Souza (Foto: publicação/João Gilberto)

O deputado Souza (PHS) destacou, durante sessão plenária na Assembleia Legislativa nesta terça-feira (20), um Projeto de Lei de sua autoria que beneficia servidor público estadual que tenha filho com deficiência ou detenha a tutela, ou guarda judicial de pessoa com deficiência. A ideia é que seja concedido horário especial de trabalho, independentemente de compensação, sem prejuízo de seus vencimentos, direitos e vantagens, desde que comprovada à necessidade pelo Serviço de Perícias Médicas do Estado.

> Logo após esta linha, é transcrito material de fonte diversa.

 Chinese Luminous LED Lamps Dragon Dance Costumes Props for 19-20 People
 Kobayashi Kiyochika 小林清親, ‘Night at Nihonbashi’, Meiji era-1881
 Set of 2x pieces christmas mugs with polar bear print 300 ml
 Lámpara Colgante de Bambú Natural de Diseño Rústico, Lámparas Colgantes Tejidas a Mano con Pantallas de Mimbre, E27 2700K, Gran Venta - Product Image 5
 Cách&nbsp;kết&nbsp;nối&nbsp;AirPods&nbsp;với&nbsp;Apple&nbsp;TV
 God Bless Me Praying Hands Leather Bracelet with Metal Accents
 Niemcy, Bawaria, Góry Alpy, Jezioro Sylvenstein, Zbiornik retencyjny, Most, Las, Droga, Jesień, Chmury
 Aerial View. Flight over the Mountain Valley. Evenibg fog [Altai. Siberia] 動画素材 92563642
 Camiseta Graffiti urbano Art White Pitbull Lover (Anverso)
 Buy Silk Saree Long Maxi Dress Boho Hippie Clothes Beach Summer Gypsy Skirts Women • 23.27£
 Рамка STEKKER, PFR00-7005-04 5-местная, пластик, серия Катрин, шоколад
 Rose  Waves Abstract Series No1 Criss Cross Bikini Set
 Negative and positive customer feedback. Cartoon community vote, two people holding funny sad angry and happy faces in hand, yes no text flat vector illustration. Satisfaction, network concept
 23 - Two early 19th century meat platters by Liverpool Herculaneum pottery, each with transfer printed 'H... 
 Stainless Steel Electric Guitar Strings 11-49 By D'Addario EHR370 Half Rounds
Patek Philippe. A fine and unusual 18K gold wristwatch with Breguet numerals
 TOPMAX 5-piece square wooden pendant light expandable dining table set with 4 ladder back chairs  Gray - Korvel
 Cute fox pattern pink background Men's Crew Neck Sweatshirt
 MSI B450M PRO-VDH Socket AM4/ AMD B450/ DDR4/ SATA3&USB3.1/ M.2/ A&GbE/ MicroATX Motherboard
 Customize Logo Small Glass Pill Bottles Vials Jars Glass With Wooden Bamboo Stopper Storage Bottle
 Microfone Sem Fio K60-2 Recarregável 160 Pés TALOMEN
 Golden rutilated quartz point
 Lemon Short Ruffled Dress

O horário especial poderá ser concedido sob a forma de jornada reduzida em dias consecutivos ou intercalados, ou ausência ao trabalho em dia específico por semana, conforme necessidade ou programa de atendimento da pessoa com deficiência, desde que seja cumprida a jornada de trabalho mínima de 4 horas diárias ou 20 horas semanais”, explica o parlamentar.

De acordo com Souza, a legislação estadual já assegurava o horário especial ao servidor estudante. Nesse Projeto de Lei, amplia o referido benefício ao servidor público estadual que seja responsável pela pessoa com deficiência, garantindo, desta maneira, que não tenha que compensar a jornada não cumprida.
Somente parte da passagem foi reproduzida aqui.